Going to try setting up a dev testing environment and remove / update this and see if it resolves the issue. If anyone already has one setup, it would be great to have this tested by them as well.

NOTE - editing this will require updating the tests as well as they are looking for the period on all letters other than the last one.

Hey can I clarify, this is only when using the Google TTS engine right?

I would assume they have added the periods to help space the audio out when so that it’s “M pause O pause M” rather than “M O M”, but could be worth trying with a comma instead of a period?

I will check with the other voices and let you know, but the logs look like each letter is sent individually to be spoken…

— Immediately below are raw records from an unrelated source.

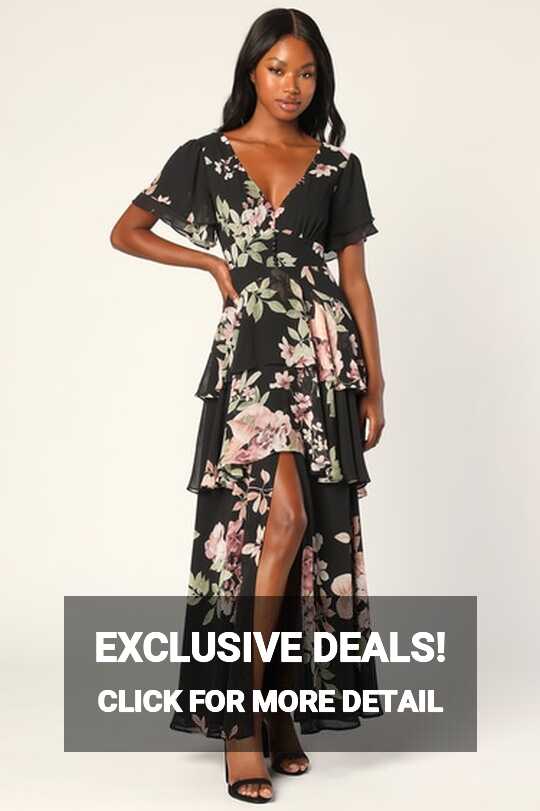 Black Floral Dress - Tiered Maxi Dress - Floral Print Dress - Lulus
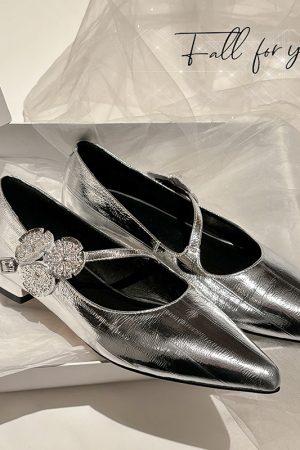Elegant Silver Genuine Leather Pointed Toe Low-Heeled Mary Jane Flats - Italian Style, Classic Fashion Footwear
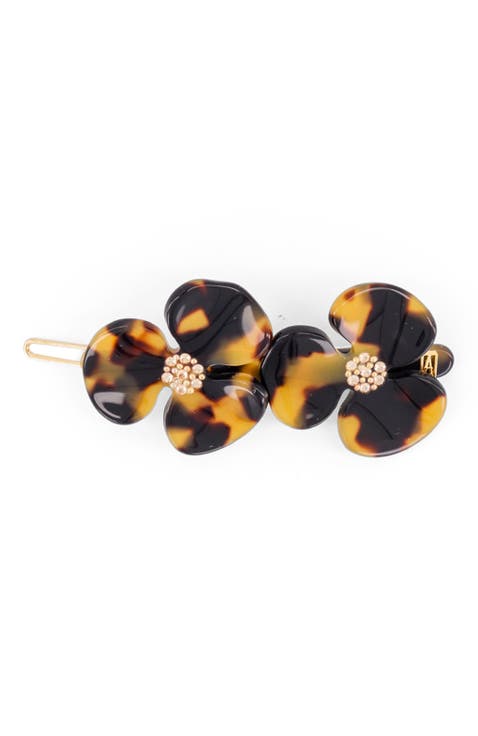 Camelia acetate side barette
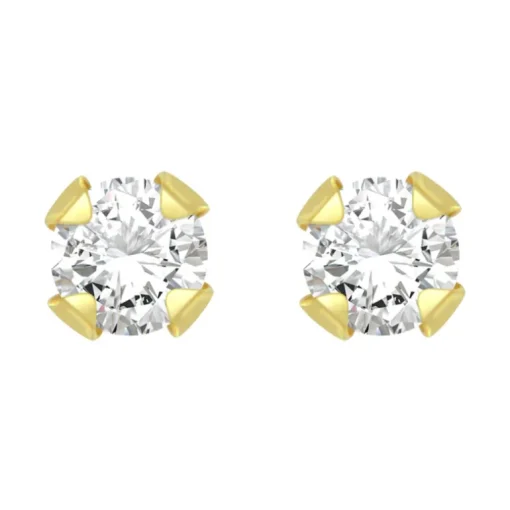 Boucles d'Oreilles Femme Puces OR 375/1000 Jaune et Oxydes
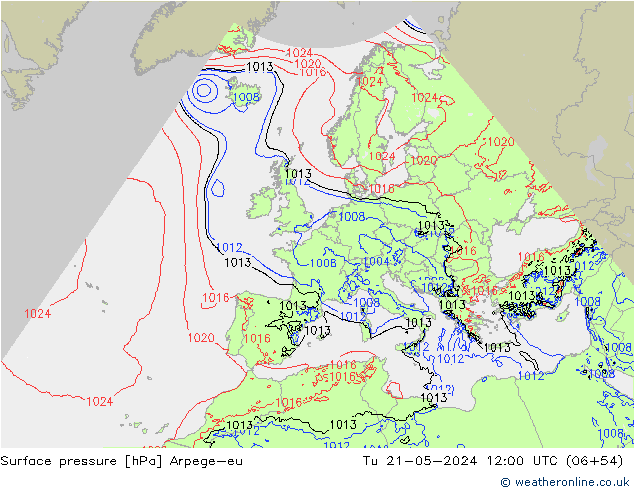 Yer basıncı Arpege-eu Sa 21.05.2024 12 UTC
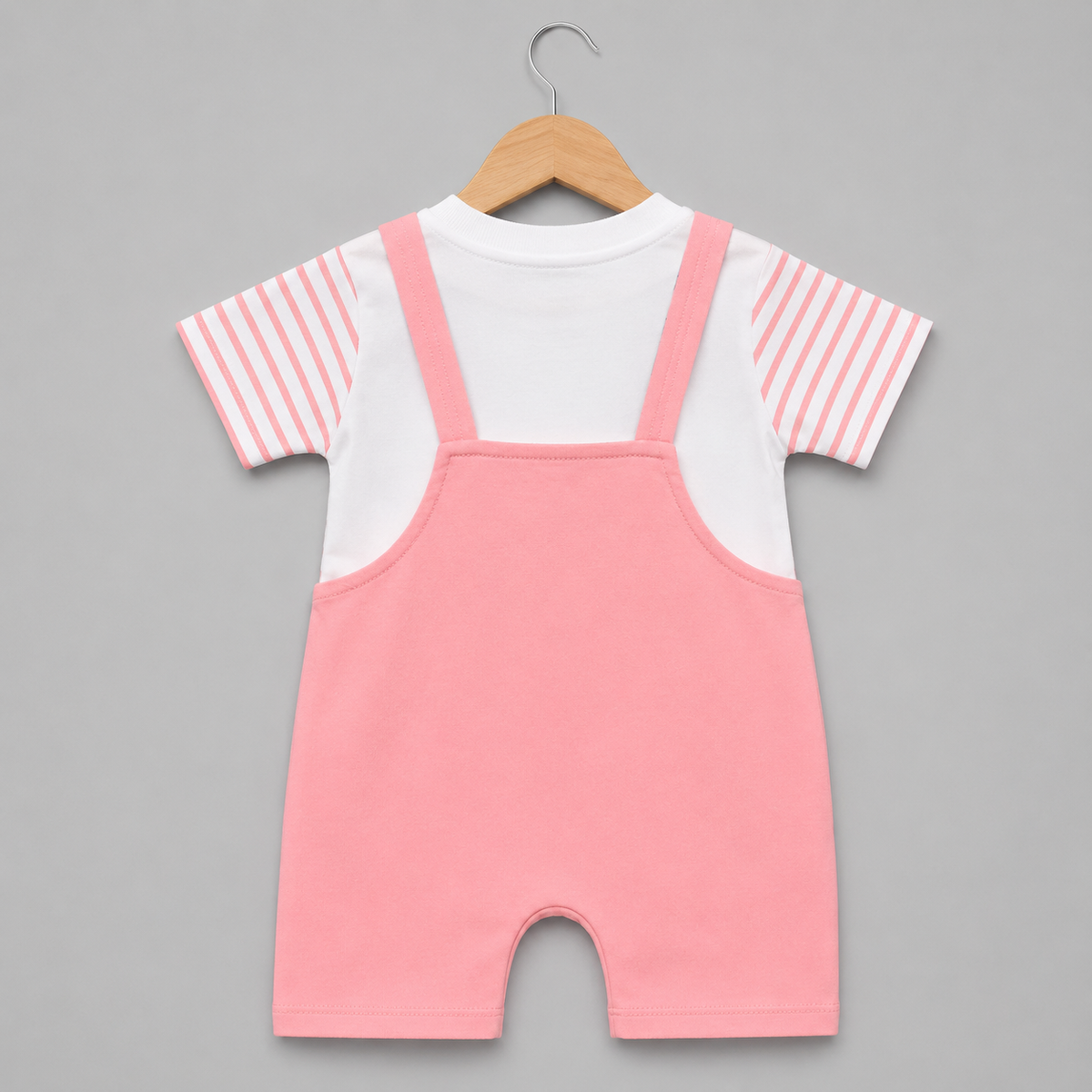 Striped T-Shirt with House Print Infant Jumpsuit - house print romper (view 3)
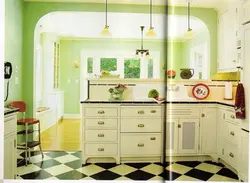 Kitchen interior green floor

mycroft.audio.speech:mute_and_speak:119 - INFO - Speaks: M.
mycroft.audio.speech:mute_and_speak:119 - INFO - Speaks: O.
mycroft.audio.speech:mute_and_speak:119 - INFO - Speaks: N.
mycroft.audio.speech:mute_and_speak:119 - INFO - Speaks: D.
mycroft.audio.speech:mute_and_speak:119 - INFO - Speaks: A.
mycroft.audio.speech:mute_and_speak:119 - INFO - Speaks: Y

If this is the case, the period is not need.

I just checked. The ‘mimic’ voice does say the letter ‘M’ correctly even if it is not the last letter of the word.